#  > THEATER FORUM FORA >  > THEATER FORUM - ONDERWERPEN & FOTO'S >  >  Patchkast voor theater

## Tomb

Om praktische redenen willen we een patchkast plaatsen voor onze theaterbelichting.
Lampen en dimmers wordem afgemonteerd op GST18 connectors. Naar noodzaak worden dan dimmerkanalen met lampen verbonden.
De kast is een 19" rack kast met afsluitbare voor- en achterdeur.
We zitten met een aantal vragen hieromtrent:
- dienen de vast-gemonteerde kabels van de lampen-stopkontakten eerst afgemonteerd te worden op een klemmenstrook?
- mag zo'n klemmenstrook (rijgklemmen) vrij in de kast geplaatst worden, bij voorbeeld op een 19" legbord? 
Heeft iemand toegang tot een theater patchkast?
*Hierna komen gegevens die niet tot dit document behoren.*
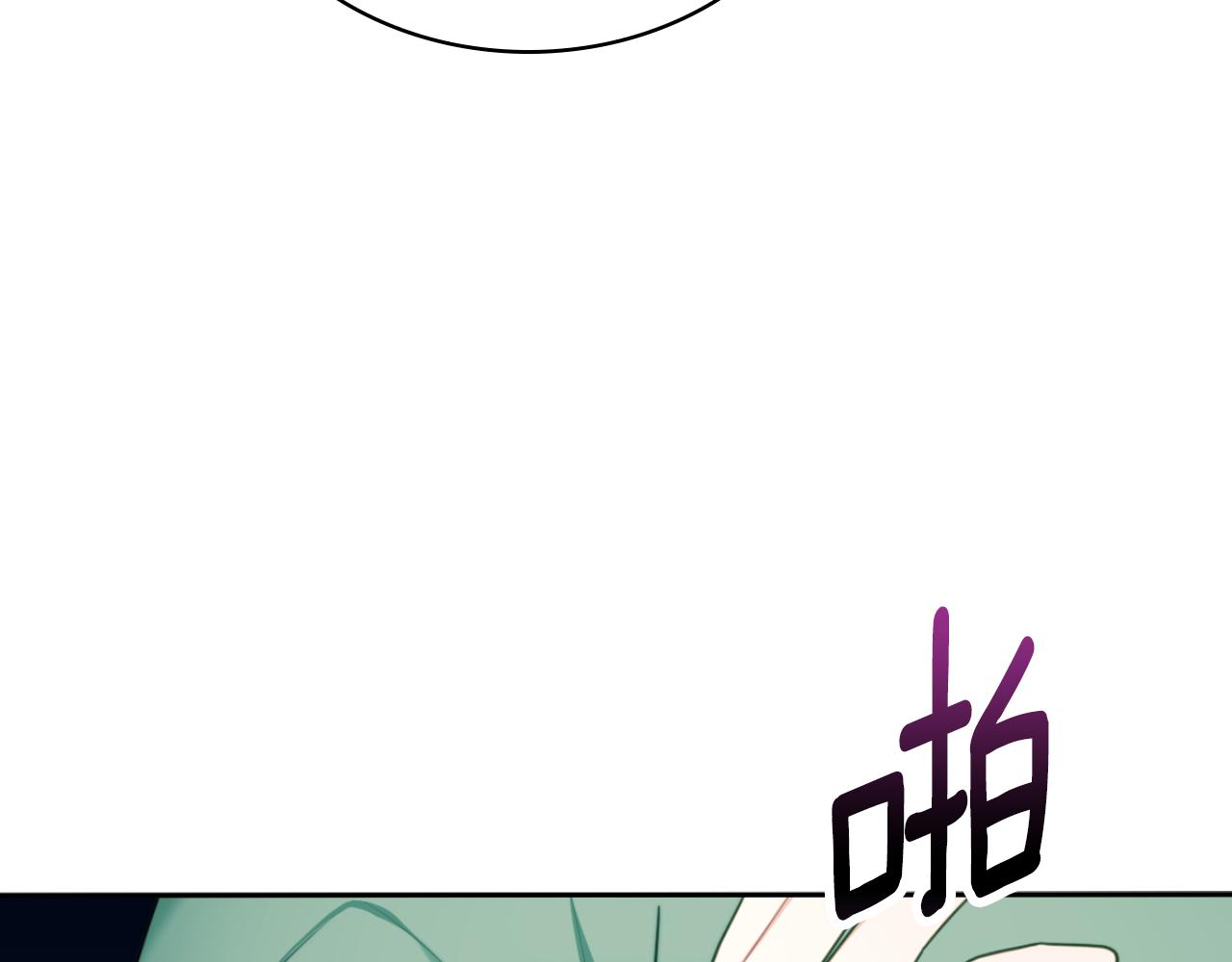 第50话 不要为难她(1/4)-第51话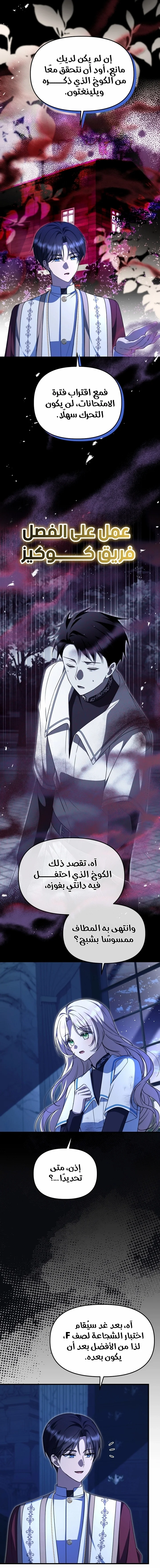 Read Survive The Horror School AR Manga Online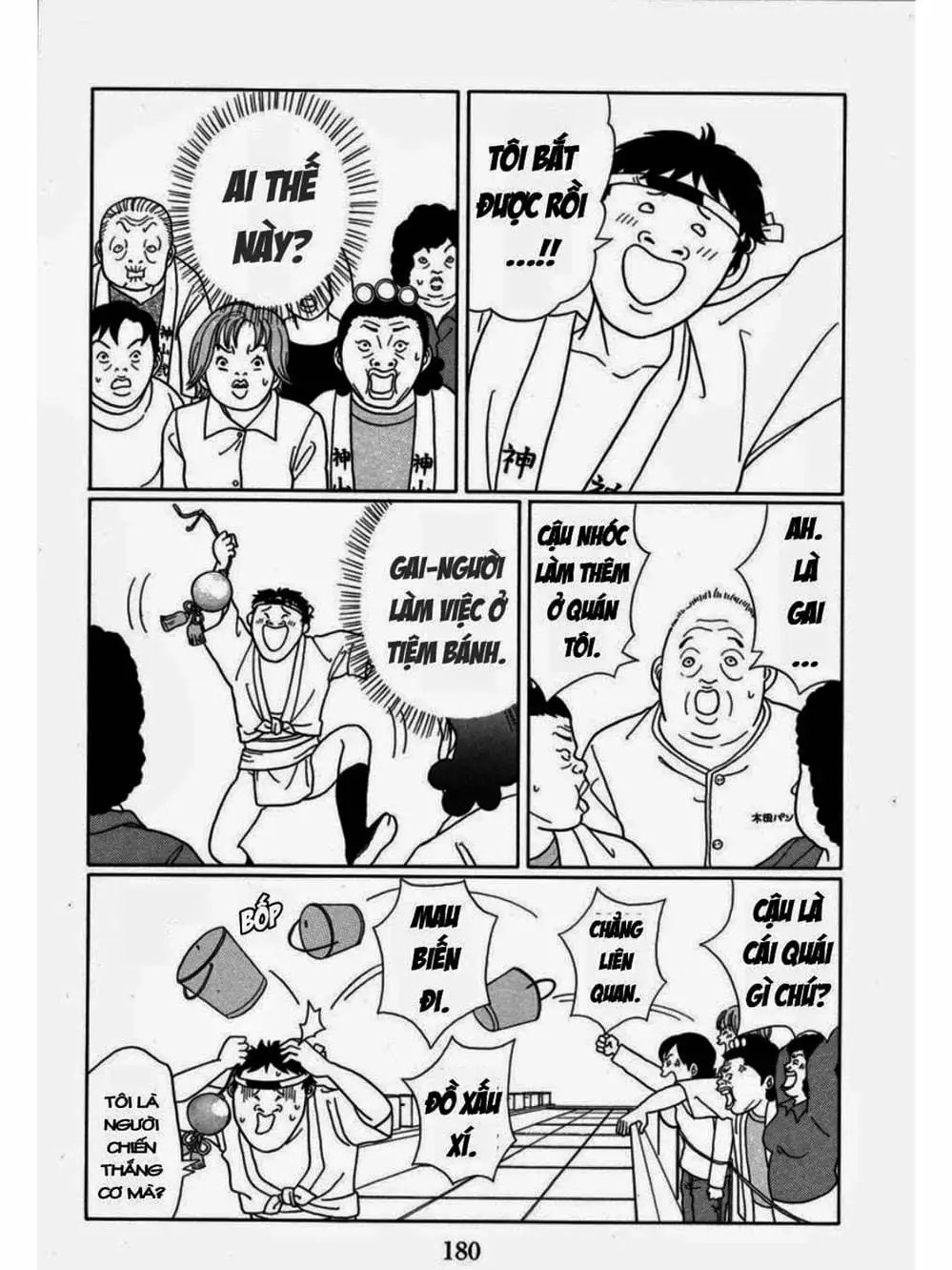 Truyện Tranh Cô Giáo Găng Tơ - Gokusen trang 6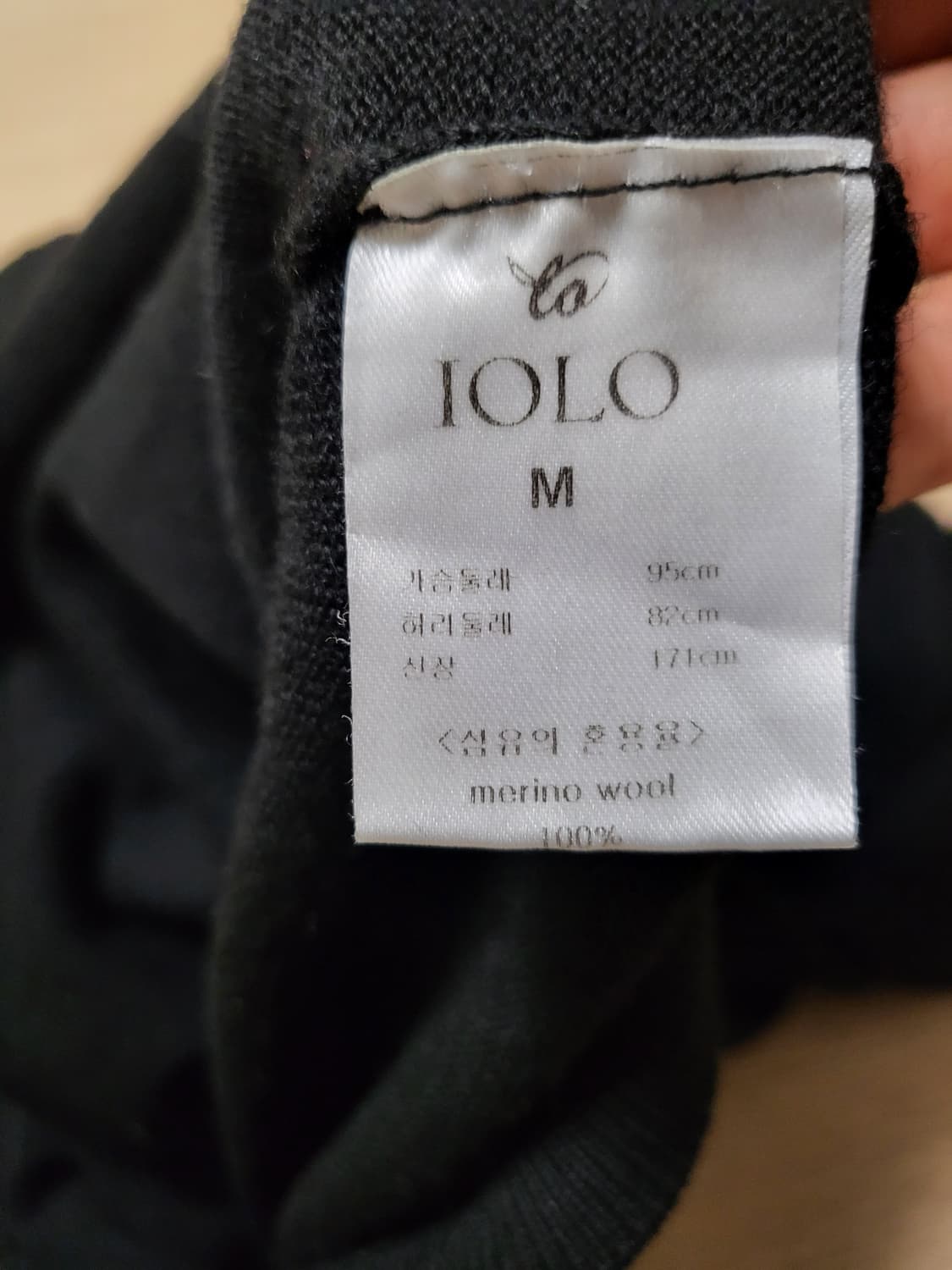 이올로 모크넥 피터 m 검정 팝니다 상품이미지2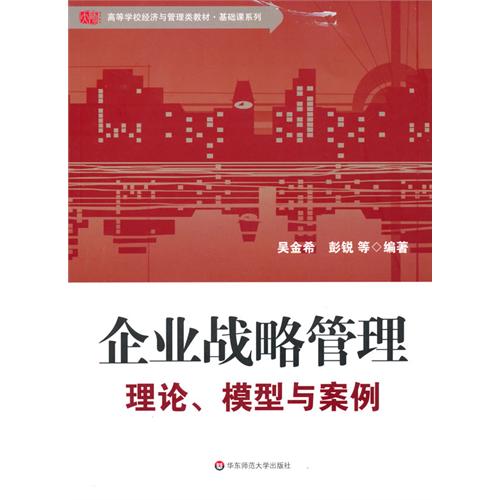 企業戰略管理理論、模型與案例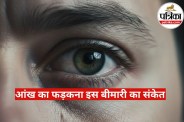 Causes of Eye Twitching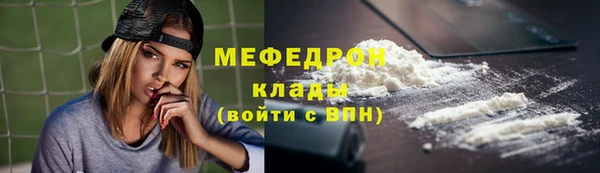 PSILOCYBIN Струнино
En zijn daar fotos van beschikbaar?
allen al bedankt!

----------


## jans

Beste Tomb,

Je hoeft de vaste bekabeling niet via een klemmenstrook te laten lopen.
Des te minder verbindingen des te minder storingsbronnen.
Let er wel op dat je slechts één kabel op een GST connector kunt aansluiten. Heb je meer dan zou ik dit wel via een klemmenstrook laten lopen dit is netter en funcioneler dan kabeldozen in een 19" kast.
Waar je wel om moet denken is de trekontlasting van deze bekabeling, dit kun je oplossen door onder of achter de GST aansluitingen een nato-baan te plaatsen waar je de bekabeling op vast zet.

----------


## Tomb

Vermits de dimmer kanalen 20A of 25A kunnen leveren willen we elk kanaal op 2 GST18 connectors afmonteren. De ontdubbeling per kanaal willen we graag via rijgklemmen uitvoeren. Heeft iemand een idee hoe je rijgklemmen in een 19inch patchkast monteert?
al bedankt, allemaal!

----------


## Carl

Een stuk DIN rail achterop een blindplaat?

----------


## Outline

20 of 25A per kanaal? Op 2 GST18's? Ik neem aan dat je 'm dan per GST18 afzekerd op 16A? Anders kunnen er zo maar dingen beginnen te smeulen en/of roken...

Riep er iemand: BRAND!!!! ?

----------